Move the clock ahead to 2015, and the society received funding for the current project. The new exhibit, says Karp, is a mobile display structured in three parts: Coming to the gold rush, at the gold rush, and after the gold rush.

The former covers the journey from Seattle and follows the trip north. The final part of the exhibit deals with what happened to them after leaving Dawson City and follows Jewish stampeders to gold rushes in Nome, Fairbanks and beyond.

Accompanying the exhibit will be an audio-visual presentation showing the restoration of the cemetery almost 20 years ago. Yukon’s minister of tourism and culture, Elaine Taylor, will be saying a few words at the event.

While the exhibit is structured in a form familiar to Klondike devotees, noted Karp, the society is looking beyond the territory; after the launch in Whitehorse, the exhibit will be sent to

Dawson City, where it will be on display this summer between court sessions in the council chambers of the Dawson City Museum.

Following that, the exhibit will be sent on the road to historical groups far and wide. For these viewers, where the gold rush is not as well known as it is here in the Yukon, the three-part presentation will familiarize them with the epic tale of travel, struggle and accomplishment. Many of those who arrived in the Klondike established successful businesses before moving on.
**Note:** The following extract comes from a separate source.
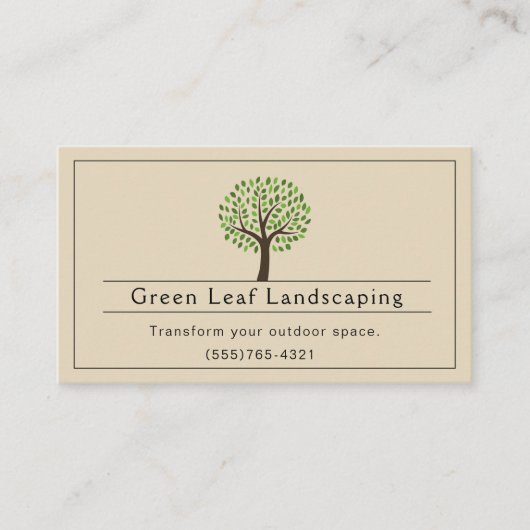 Tan Landscaping Yard Garden Service Visitenkarte (Vorderseite)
According to Slobodin, it was difficult finding historical accounts. He tried identifying Jews from names in the historical records, but a list I provided him of nearly a thousand volunteers from the First World War failed to produce a single confirmed Jew.

Isaac Rosenthal, a liquor merchant in Dawson City was Jewish, but what about Marcus Rosenthal? Slobodin hasn’t been able to confirm that name yet. Tracking down Jewish gold rush participants by name was not particularly fruitful, said Slobodin, as many changed their names to mask their ancestry.

Changing names was a common practice among immigrants. Many of the stampeders came from America, which is known as the “great melting pot.” From my own encounters with families tracing their roots in the Klondike I know that name changes were not uncommon.

Karp pointed to the generations of Jews who had been forced to move from place to place because of their religious beliefs. Many were hesitant to keep diaries for fear of being exposed, he said.

Slobodin was able to acquire photographs from the Dawson Museum, the MacBride Museum and institutions outside of the territory. A descendant of the Isaacs family (the Isaacs brothers ran a business on Front Street in Dawson) provided “tons” of documents about their Klondike sojourn.

They have not yet uncovered any of the diaries and letters that were so common during the gold rush. Perhaps, mused Karp someone somewhere, upon seeing the exhibit in their community, will fill in the story of Klondike gold rush Jews with a diary or other documents that have been gathering dust in an attic for more than a century.

Yet despite the paucity of historical information, Slobodin has been able to unearth several accounts of Jews in the Klondike. Thanks to Ric Newman of Chicago we learn that during the winter of 1902, there was a complete shortage of butter in Dawson City. The first shipment that arrived in Dawson in the spring had been placed too close to the ships boiler, and had been rendered rancid.

Henry Isaacs, a clothing merchant bought up the entire consignment of two kilogram tins and experimented until he found a method of reconstituting the butter. Others were eager to buy his product, and for a while he was the only supplier in town. So he became known as the “Butter King of the Klondike.”

According to Slobodin, they should make a movie about Max Hirschberg. Hirschberg ran a roadhouse in the Dawson area, but in 1900, he decided to sell out and go to Nome, Alaska. He left Dawson on March 2, 1900 on a bicycle; for the next two and a half months, he pedaled his way over ice and snow to get there.

When he left Dawson, the temperature was minus 34 degrees Celsius. He suffered “snow blindness, exhaustion and exposure,” and dunking in icy water. The bicycle broke down, but kindly people along the way helped him make temporary repairs.

A young Sid Grauman left Dawson and later became famous for establishing his famous Chinese Theatre in Hollywood. If there are more stories like these, then perhaps there is a book to be written in the near future.